Word of Mouth …
Irene is no longer at Irene’s Pupusas III – the day-to-day operation is overseen by her son and daughter-in-law – but the cooking at this warm and lively Wheaton storefront shows no signs of slippage. The signature item is as good as ever – savory griddle cakes filled with, among others, zucchini, loroco, and beans, and oozing a soft queso blanco. Hefty but never heavy, virtually greaseless, they make a terrific mini meal topped by a few spoonfuls of the crunchy, spicy curtado, a lightly vinegary slaw, and a few squirts of salsa verde from the condiment bottle. And an exceedingly cheap one, too, since each pupusa is the price of a bottle of water from a vending machine. Irene’s menu makes space for a few Honduran dishes, too, including a Honduran-style taco that is rolled like a cigar, deep fried and buried under a mound of pickled cabbage as pink as a teenybopper’s nail polish, and a dish called bailadas, in which hunks of beef, supremely creamy refried beans, queso blanco, hard-boiled egg and slices of avocado are interleaved within the folds of a giant, flopping fry bread. You can conclude your meal with a commendable flan or a rarity called nuegados, deep-fried rounds of mashed yuca that come with a molasses dipping sauce. Or, even better, you can return to the regular menu for a tamal de elote, a thick bundle of soft, sweetened corn ringed by a thin, sweet sour cream. …

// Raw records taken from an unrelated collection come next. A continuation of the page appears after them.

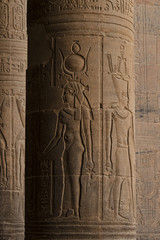 Carved column at temple of philae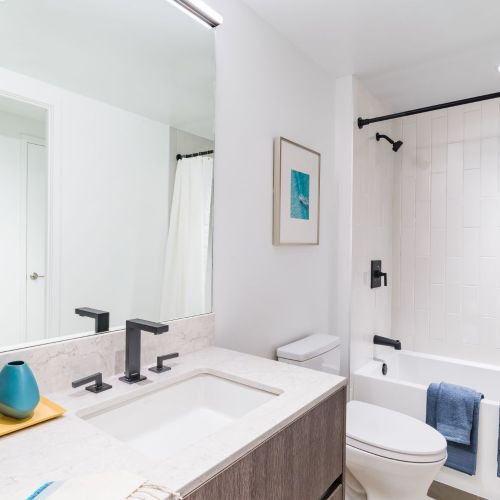 Deep, hotel-inspired soaking tubs at The Coterie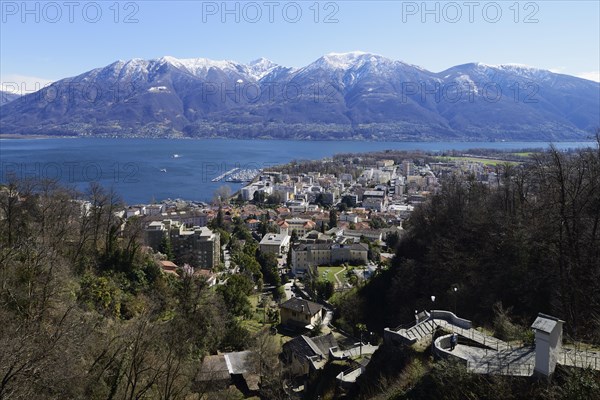 View from Via Crucis of the city of Locarno and Lake Maggiore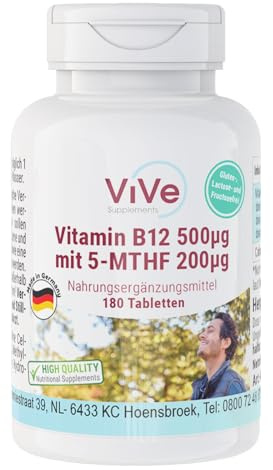 Vitamin B12 500μg 5-MTHF 200μg - 180 tabletter - metylkobalamin - aktiv folsyra - hög dos - biotillgänglig - kvalitet från Tyskland - ViVe Kosttillskott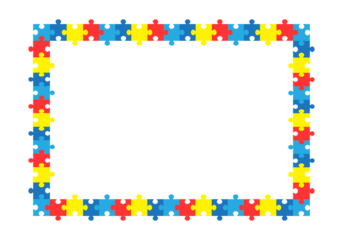 World autism awareness day. Colorful puzzles frame background. Symbol of autism. Medical flat illustration. Health care. Colorful puzzle symbol of autism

… Might as well go ahead and say it: The best place for oysters in the city right now isn’t an oyster bar. Isn’t even a seafood restaurant. It’s Central Michel Richard, where a half-dozen of the bivalves costs $16 and a dozen will set you back $32. That’s not cheap, but let’s look at what you’re paying for. It’s not just the quality of the sourcing, which, on a recent visit, meant only oysters from the West Coast – specifically, British Columbia – and only the best of the bunch that comes into the kitchen every day. It’s the degree of scrutiny, the attentive care, given to each oyster before it’s sent to the table. Each bivalve had been carefully cleaved from its muscle, there wasn’t a single piece of grit in any of the shells, and great pains had been taken to ensure that there was a good pool of briny liquor to surround and “sauce” the meat. There were three varieties, but all were uniformly plump, cool, sweet, and incomparably creamy. …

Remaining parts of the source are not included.